START Input records

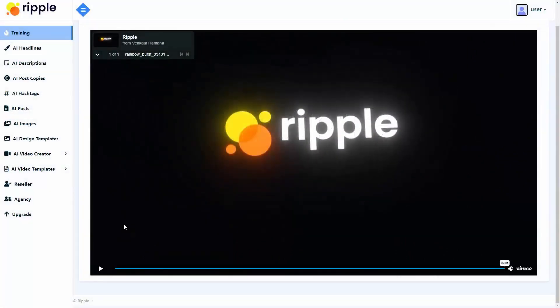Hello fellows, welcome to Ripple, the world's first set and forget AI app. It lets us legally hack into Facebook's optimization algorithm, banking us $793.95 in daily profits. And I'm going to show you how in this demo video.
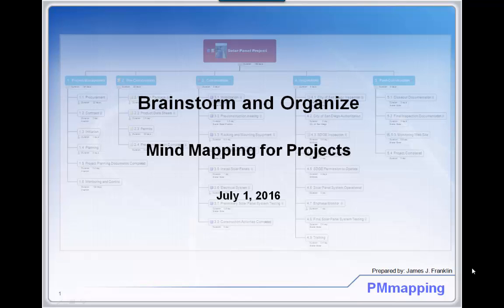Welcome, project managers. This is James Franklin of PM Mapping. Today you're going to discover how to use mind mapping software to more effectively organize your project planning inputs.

END Input records
START Input records

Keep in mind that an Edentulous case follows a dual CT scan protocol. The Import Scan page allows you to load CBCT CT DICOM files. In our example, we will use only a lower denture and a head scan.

END Input records
START Input records

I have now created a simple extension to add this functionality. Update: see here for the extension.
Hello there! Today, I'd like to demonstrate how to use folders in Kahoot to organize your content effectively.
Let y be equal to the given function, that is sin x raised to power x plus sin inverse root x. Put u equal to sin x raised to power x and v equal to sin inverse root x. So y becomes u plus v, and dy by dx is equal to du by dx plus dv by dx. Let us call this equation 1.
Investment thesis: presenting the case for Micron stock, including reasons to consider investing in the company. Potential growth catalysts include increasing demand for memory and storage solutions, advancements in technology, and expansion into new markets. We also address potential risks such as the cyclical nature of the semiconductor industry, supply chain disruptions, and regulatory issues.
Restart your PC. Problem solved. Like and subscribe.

END Input records

* [What the exercise asks]:
The required output is the stretch of entries above from the line containing "Let y be equal" through the line containing "Restart your PC.", reproduced exactly.

* [Exercise answer]:
Let y be equal to the given function, that is sin x raised to power x plus sin inverse root x. Put u equal to sin x raised to power x and v equal to sin inverse root x. So y becomes u plus v, and dy by dx is equal to du by dx plus dv by dx. Let us call this equation 1.
Investment thesis: presenting the case for Micron stock, including reasons to consider investing in the company. Potential growth catalysts include increasing demand for memory and storage solutions, advancements in technology, and expansion into new markets. We also address potential risks such as the cyclical nature of the semiconductor industry, supply chain disruptions, and regulatory issues.
Restart your PC. Problem solved. Like and subscribe.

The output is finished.